Long-term change in the cyclotron line energy in Hercules X-1

TL;DR

This study analyzes the long-term evolution of the cyclotron line energy in Her X-1, revealing a significant decrease from 1996 to 2012, likely due to changes in the magnetic field or scattering region.

Contribution

It provides the first clear evidence of a true long-term decrease in the cyclotron line energy in Her X-1 after accounting for luminosity correlations.

Findings

A significant decrease of 4.2 keV in Ecyc from 1996 to 2012.

Ecyc correlates with X-ray luminosity, increasing by 5% for a doubling of luminosity.

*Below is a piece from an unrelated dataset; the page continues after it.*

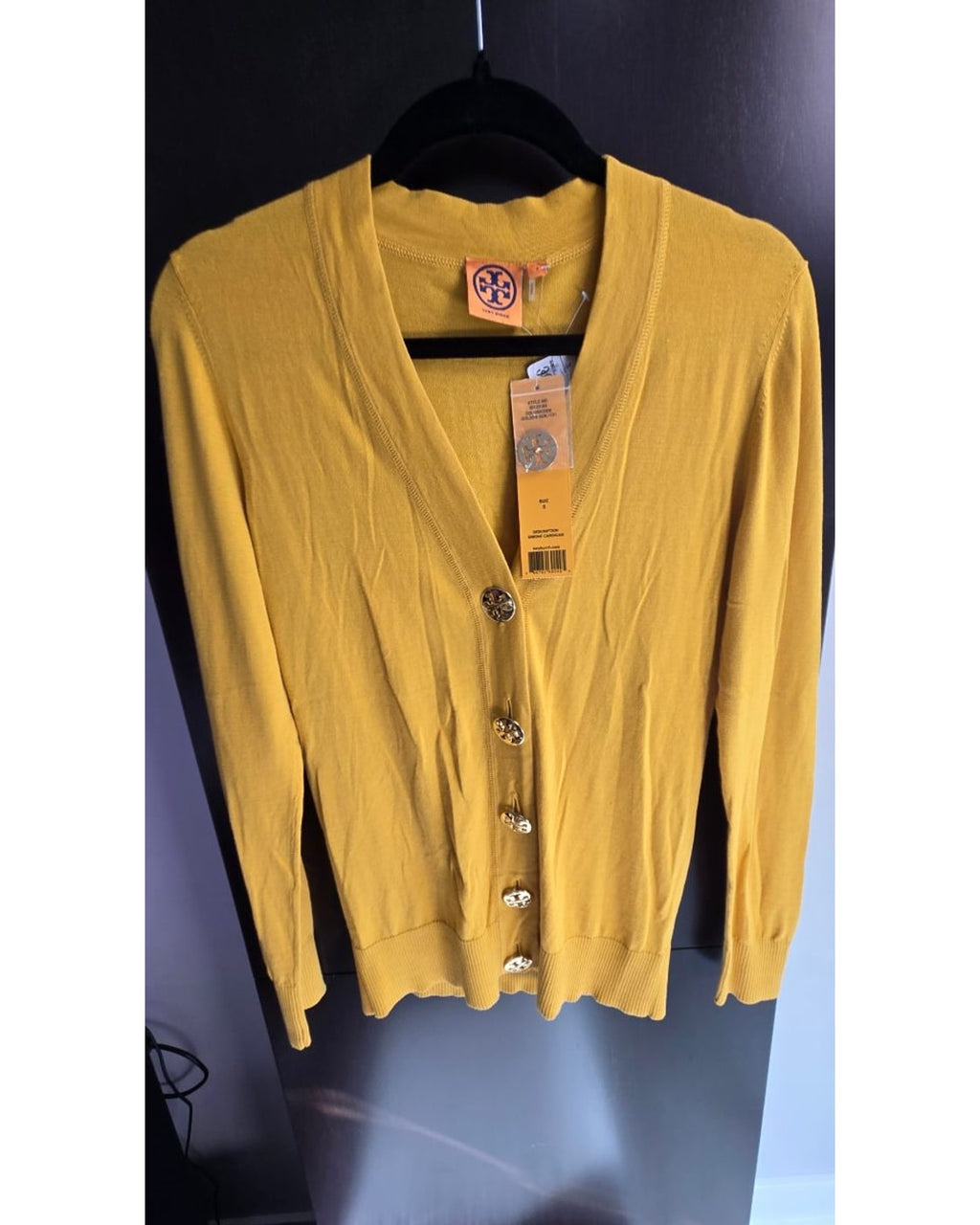 TORY BURCH Simone V-Neck Logo-Button Cardigan - NWT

The long-term decay can be modeled as linear or with a two-phase decay pattern.

Abstract

Aims. We investigate the long-term evolution of the Cyclotron Resonance Scattering Feature (CRSF) in the spectrum of the binary X-ray pulsar Her X-1 and present evidence of a true long-term decrease in the centroid energy Ecyc of the cyclotron line in the pulse phase averaged spectra from 1996 to 2012. Methods. Our results are based on repeated observations of Her X-1 by those X-ray observatories capable of measuring clearly beyond the cyclotron line energy of about 40 keV. Results. The historical evolution of the pulse phase averaged CRSF centroid energy Ecyc since its discovery in 1976 is characterized by an initial value around 35 keV, an abrupt jump upwards to beyond about 40 keV between 1990 and 1994, and an apparent decay thereafter. Much of this decay, however, was found to be due to an artifact, namely a correlation between Ecyc and the X-ray luminosity Lx discovered in 2007. In observations after 2006, however, we now find a statistically significant true decrease in the cyclotron line energy. At the same time, the dependence of Ecyc on X-ray luminosity is still valid with an increase of about 5% in energy for a factor of two increase in luminosity. A decrease in Ecyc by 4.2 keV over the 16 years from 1996 to 2012 can either be modeled by a linear decay, or by a slow decay until 2006 followed by a more abrupt decrease thereafter. Conclusions. We speculate that the physical reason could be connected to a geometric displacement of the cyclotron resonant scattering region in the polar field or to a true physical change in the magnetic field configuration at the polar cap by the continued accretion.